Stored items:
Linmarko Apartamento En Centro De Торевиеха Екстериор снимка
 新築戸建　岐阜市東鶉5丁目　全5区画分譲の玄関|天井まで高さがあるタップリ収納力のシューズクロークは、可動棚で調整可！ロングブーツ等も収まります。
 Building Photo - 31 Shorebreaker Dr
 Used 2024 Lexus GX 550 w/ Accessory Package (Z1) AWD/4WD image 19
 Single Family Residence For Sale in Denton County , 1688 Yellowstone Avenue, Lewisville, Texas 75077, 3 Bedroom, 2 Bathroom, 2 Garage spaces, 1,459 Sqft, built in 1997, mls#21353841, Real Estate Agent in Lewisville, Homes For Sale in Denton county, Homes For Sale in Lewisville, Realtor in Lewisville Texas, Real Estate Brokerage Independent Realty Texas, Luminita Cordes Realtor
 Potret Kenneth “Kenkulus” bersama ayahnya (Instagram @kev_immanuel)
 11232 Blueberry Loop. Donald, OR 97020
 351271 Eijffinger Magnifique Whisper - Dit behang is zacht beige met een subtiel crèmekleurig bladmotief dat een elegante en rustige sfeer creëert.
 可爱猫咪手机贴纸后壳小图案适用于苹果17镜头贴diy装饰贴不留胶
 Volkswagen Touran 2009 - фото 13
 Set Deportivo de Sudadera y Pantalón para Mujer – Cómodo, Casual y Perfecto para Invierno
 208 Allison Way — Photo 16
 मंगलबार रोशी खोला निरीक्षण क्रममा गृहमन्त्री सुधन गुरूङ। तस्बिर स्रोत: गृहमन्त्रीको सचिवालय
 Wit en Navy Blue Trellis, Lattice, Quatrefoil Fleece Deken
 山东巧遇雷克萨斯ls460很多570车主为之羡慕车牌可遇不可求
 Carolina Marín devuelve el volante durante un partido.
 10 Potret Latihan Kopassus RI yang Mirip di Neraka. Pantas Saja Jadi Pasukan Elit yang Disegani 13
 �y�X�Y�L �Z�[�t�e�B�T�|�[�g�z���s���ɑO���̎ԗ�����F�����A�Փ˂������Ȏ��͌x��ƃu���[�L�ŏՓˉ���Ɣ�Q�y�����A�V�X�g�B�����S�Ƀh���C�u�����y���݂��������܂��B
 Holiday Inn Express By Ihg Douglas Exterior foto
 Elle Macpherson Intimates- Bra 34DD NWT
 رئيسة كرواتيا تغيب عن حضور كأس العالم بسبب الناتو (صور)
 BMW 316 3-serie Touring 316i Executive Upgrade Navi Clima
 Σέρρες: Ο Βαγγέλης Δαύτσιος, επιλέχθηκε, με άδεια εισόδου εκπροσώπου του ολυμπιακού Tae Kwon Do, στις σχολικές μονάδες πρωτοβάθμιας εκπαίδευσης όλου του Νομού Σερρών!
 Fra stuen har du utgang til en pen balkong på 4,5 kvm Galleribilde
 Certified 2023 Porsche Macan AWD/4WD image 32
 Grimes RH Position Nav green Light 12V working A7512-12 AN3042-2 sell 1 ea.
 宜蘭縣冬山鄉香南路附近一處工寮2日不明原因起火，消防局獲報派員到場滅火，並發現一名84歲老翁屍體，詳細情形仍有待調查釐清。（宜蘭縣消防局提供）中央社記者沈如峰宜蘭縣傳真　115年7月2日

Exercise instructions: Set down, exactly as they stand above, the lines starting with the line with "Volkswagen Touran 2009 - фото 13" and going on through the line with "मंगलबार रोशी खोला", and no others.

Task answer:
 Volkswagen Touran 2009 - фото 13
 Set Deportivo de Sudadera y Pantalón para Mujer – Cómodo, Casual y Perfecto para Invierno
 208 Allison Way — Photo 16
 मंगलबार रोशी खोला निरीक्षण क्रममा गृहमन्त्री सुधन गुरूङ। तस्बिर स्रोत: गृहमन्त्रीको सचिवालय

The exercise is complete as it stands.